Die in schicken Kostümen und Dreiteilern vorbeischreitenden Angestellten des Kantonsgerichts flössten ihm nicht gerade Kamillentee ein, als wenn sie wüssten, was er vorhatte.
«Jacques», umarmte ihn Hans-Peter freudig und zog ihn in sein Kämmerchen hinein, mit Blick auf die Kathedrale.
Hans-Peter holte das unscheinbare Buch mit den unscheinbaren Kirchen aus seiner Nachttischschublade und schlug es auf der mit einem Lesezeichen der Stiftsbibliothek markierten Seite auf.

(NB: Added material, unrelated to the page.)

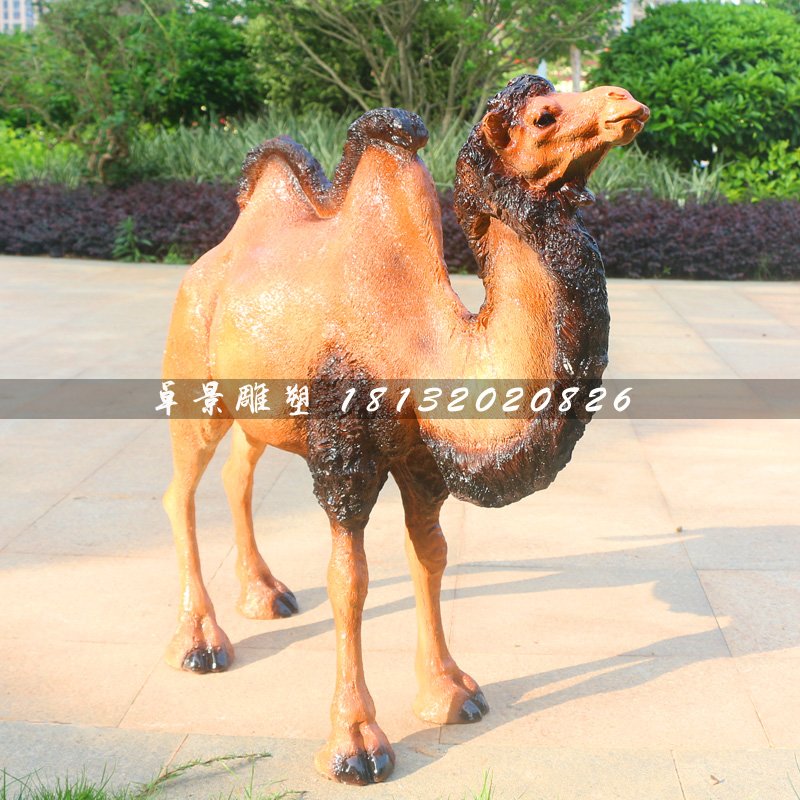 駱駝雕塑,動物玻璃鋼動物 (3)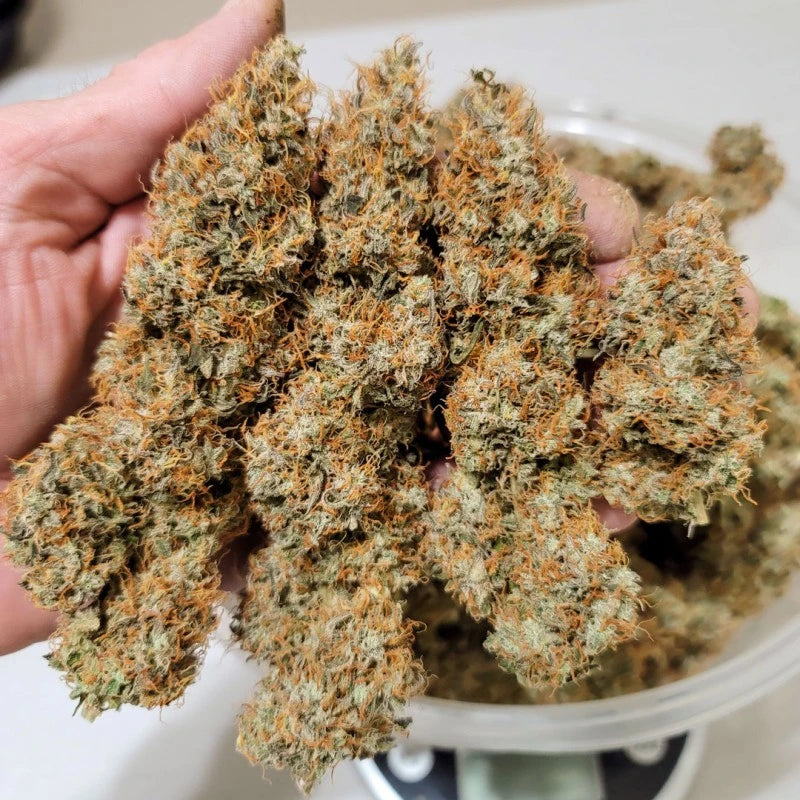 Auto Power Plant Pack x 3 - Dutch Passion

«Hier, Jacques, das ist es. Dieses kleine hübsche Kreuz, aus Knochen gefertigt.»
«Wessen Knochen?»
«Das ist eben nicht bekannt. Da gibt es natürlich wilde Spekulationen. Die hartnäckigste sagt, dass diese Knochen einem frommen Bischof gehören.»
«Habt ihr denn auch unfromme?»
«Sehr witzig, Jacques. Dir erzähle ich bestimmt zuletzt von unseren Fehltritten. Wie findest du das heilige Kreuz?»
«Handlich zu stehlen, Hans-Peter. Gut zu verstecken.»
«Dann bist du also dabei?»
«Ja, klar, wenn der Preis stimmt?»
«Sicher, Jacques, zehn schöne Tausender?»
«Sonst geht’s dir gut? Ich riskiere einiges. Dreissig schöne Tausender.»
«Jacques, also wirklich. Zwanzig.»
«Fünfundzwanzig.»
«Na gut, dafür aber bald.»
«Nächste Woche werde ich mich auf die Reise nach Italien begeben.»
«Sehr gut.»
«Selri, könntest du die Frauensinggruppe kurzfristig übernehmen? Ich muss einem ausgerissenen Schäfchen hinterher. Ins katholische Tessin. Stell dir vor, das arme Kind ist im Vollsuff über die Alpen gepilgert und weiss nicht mehr, wo es sich befindet. Wahrscheinlich landet es noch in Santiago de Compostela, wenn ich es nicht rechtzeitig finde.»
«O je! Wie schrecklich. Ja, lieber Jacques, geh nur. Viel Erfolg und Gottes Hilfe.»
«Hier gibt es nur unansehnliche Pfeifen. Schau dir mal die Typen an, wie sie schon jetzt, um zweiundzwanzig Uhr zehn, lustlos an der Bar hängen, grausig», flüsterte Mirabelle und verschränkte die Arme vor der Brust, so dass die Kette aus dem Eisenwarengeschäft, die sie an ihre Lederjacke geheftet hatte, leise rasselte.
«Du musst sie halt auch nicht immer gleich mit dem Strand-Kommissar und dem Punk-Kommissar aus dem Fernsehen vergleichen», warf Renate ein, die Hände cool in den Hosentaschen verstaut und zu «Systematic Death» von den «Crass» mit dem Fuss wippend.